Set down exactly the stretch of lines below that opens at the line containing "Seco hires US" and continues through the last line of the entries, and nothing else.

SUPPLIED INFORMATION: Begin

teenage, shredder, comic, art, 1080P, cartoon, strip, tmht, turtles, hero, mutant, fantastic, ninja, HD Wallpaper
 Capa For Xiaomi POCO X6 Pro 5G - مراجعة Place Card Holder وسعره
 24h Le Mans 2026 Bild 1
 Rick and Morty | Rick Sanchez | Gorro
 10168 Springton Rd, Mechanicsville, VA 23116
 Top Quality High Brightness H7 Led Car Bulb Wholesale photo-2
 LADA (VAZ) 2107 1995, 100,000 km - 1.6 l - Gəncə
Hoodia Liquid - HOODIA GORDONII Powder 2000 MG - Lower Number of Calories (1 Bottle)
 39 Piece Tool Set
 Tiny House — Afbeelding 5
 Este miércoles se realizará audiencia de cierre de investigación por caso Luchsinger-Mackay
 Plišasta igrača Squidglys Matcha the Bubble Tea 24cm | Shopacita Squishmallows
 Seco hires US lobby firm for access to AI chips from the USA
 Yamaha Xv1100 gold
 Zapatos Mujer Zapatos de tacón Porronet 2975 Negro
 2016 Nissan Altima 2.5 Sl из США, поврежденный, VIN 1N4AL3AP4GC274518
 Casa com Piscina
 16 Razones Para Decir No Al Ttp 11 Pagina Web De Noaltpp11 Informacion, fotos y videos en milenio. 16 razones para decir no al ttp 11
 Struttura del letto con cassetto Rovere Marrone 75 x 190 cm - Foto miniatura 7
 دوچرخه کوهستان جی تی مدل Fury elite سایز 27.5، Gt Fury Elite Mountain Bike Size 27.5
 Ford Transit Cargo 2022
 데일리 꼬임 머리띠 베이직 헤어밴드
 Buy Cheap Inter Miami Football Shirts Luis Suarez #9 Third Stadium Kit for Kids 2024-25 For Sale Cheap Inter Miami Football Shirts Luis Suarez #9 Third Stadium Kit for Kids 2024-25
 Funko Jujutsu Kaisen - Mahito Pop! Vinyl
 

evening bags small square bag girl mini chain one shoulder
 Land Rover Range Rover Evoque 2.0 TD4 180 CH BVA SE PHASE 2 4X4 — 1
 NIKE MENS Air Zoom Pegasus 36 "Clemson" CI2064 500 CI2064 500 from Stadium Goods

SUPPLIED INFORMATION: End

■ ANSWER SECTION:
 Seco hires US lobby firm for access to AI chips from the USA
 Yamaha Xv1100 gold
 Zapatos Mujer Zapatos de tacón Porronet 2975 Negro
 2016 Nissan Altima 2.5 Sl из США, поврежденный, VIN 1N4AL3AP4GC274518
 Casa com Piscina
 16 Razones Para Decir No Al Ttp 11 Pagina Web De Noaltpp11 Informacion, fotos y videos en milenio. 16 razones para decir no al ttp 11
 Struttura del letto con cassetto Rovere Marrone 75 x 190 cm - Foto miniatura 7
 دوچرخه کوهستان جی تی مدل Fury elite سایز 27.5، Gt Fury Elite Mountain Bike Size 27.5
 Ford Transit Cargo 2022
 데일리 꼬임 머리띠 베이직 헤어밴드
 Buy Cheap Inter Miami Football Shirts Luis Suarez #9 Third Stadium Kit for Kids 2024-25 For Sale Cheap Inter Miami Football Shirts Luis Suarez #9 Third Stadium Kit for Kids 2024-25
 Funko Jujutsu Kaisen - Mahito Pop! Vinyl
 

evening bags small square bag girl mini chain one shoulder
 Land Rover Range Rover Evoque 2.0 TD4 180 CH BVA SE PHASE 2 4X4 — 1
 NIKE MENS Air Zoom Pegasus 36 "Clemson" CI2064 500 CI2064 500 from Stadium Goods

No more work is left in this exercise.